Though Arno’s brother and sister can’t bear the home, Arno himself has no problems with it and continues to visit his father there. In recognition that August is now in the final stages of his life the family clear the house out and come across objects which evoke memories of a bygone era : ‘an old coffee mill, a wooden schnitzel mallet, lampshades, the drum from my parents’ first washing machine‘. More telling are the notes Arno finds which his father wrote as a 24 year old about his war experiences. Arno knew as a child that the period spent in the Russian military hospital with dysentery had marked him : in his wallet he always carried a photo of himself, 6 stone, emaciated, on his release from hospital. However it is only when reading the notes found in the cellar that Arno finds out the terrible things his 18 year old father saw in that hospital and realises the extent of his trauma.
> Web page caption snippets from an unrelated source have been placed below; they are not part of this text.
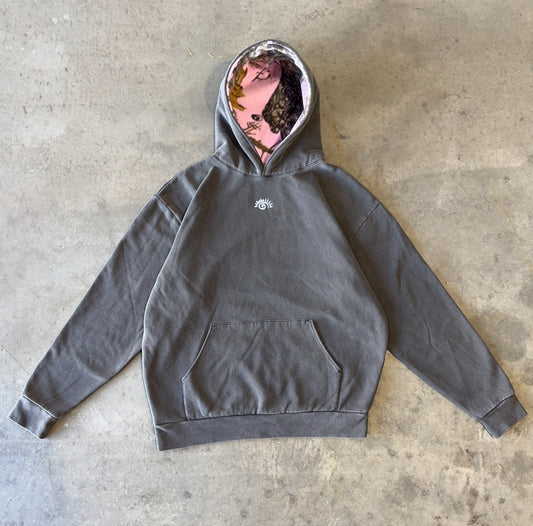 PINK CAMO HOODIE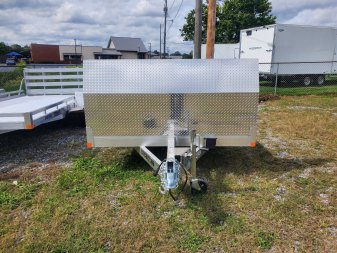 New 2024 Bear Track  BTC81216B Car / Racing Trailer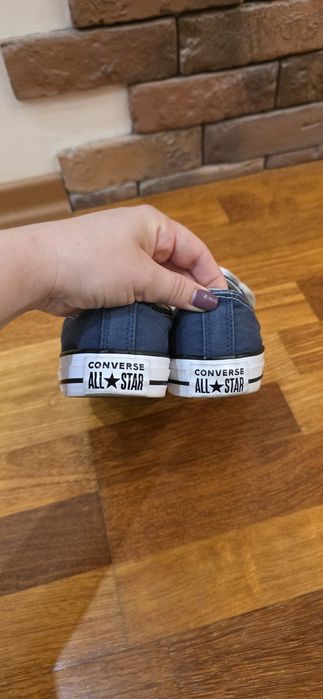 Кеди класичні Converse All Star 36.5 (23см)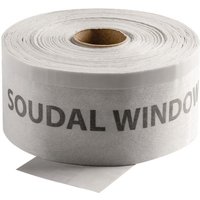 SOUDAL SWS EXTRA-KLEBEBAND FÜR WINDOWS WARM-AUßENINSTALLATION. 70 mm/30 m VOLLKLEBER SOUDAL SWS EXTRA-KLEBEBAND FÜR WINDOWS WARM-AUßENINSTALLATION. 70 mm/30 m VOLLKLEBER von SOUDAL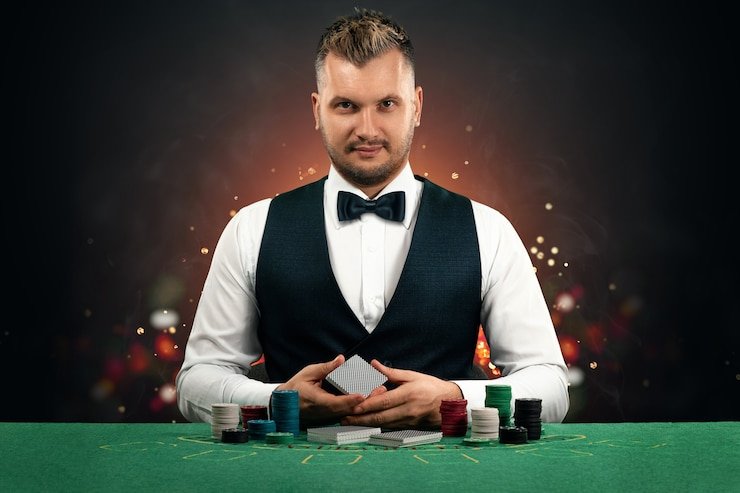 Tampilan permainan slot Fortune Ox di platform hantuslot dengan simbol bertema oriental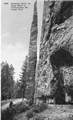 Chimney Rock -Cody road to Yellowstone National Park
In the last section of the book, the paragraphs are shorter and less connected, snatches of dialogue between the two men, observations of life in the home, statements and aphorisms, as if reflecting the intermittent and unconnected nature of expression and communication in the later stages of Alzheimer’s. As if the mind, like a flame, flickers into life for a moment and then dies down. I read this book in German when it was first published- it helped me understand my own mother’s gradual decline into dementia. I clung onto the portrayal of August Geiger as I had clung on to moments when my own mother’s personality shone out and she was still herself. Reading it again now in Stefan Tobler’s excellent translation I am reminded of the importance of this kind of memoir for all of us when Alzheimer’s touches our lives more and more. To help us recognise the beginnings of the disease and find ways of living with it, whether carer or sufferer, while keeping the person still there, still alive.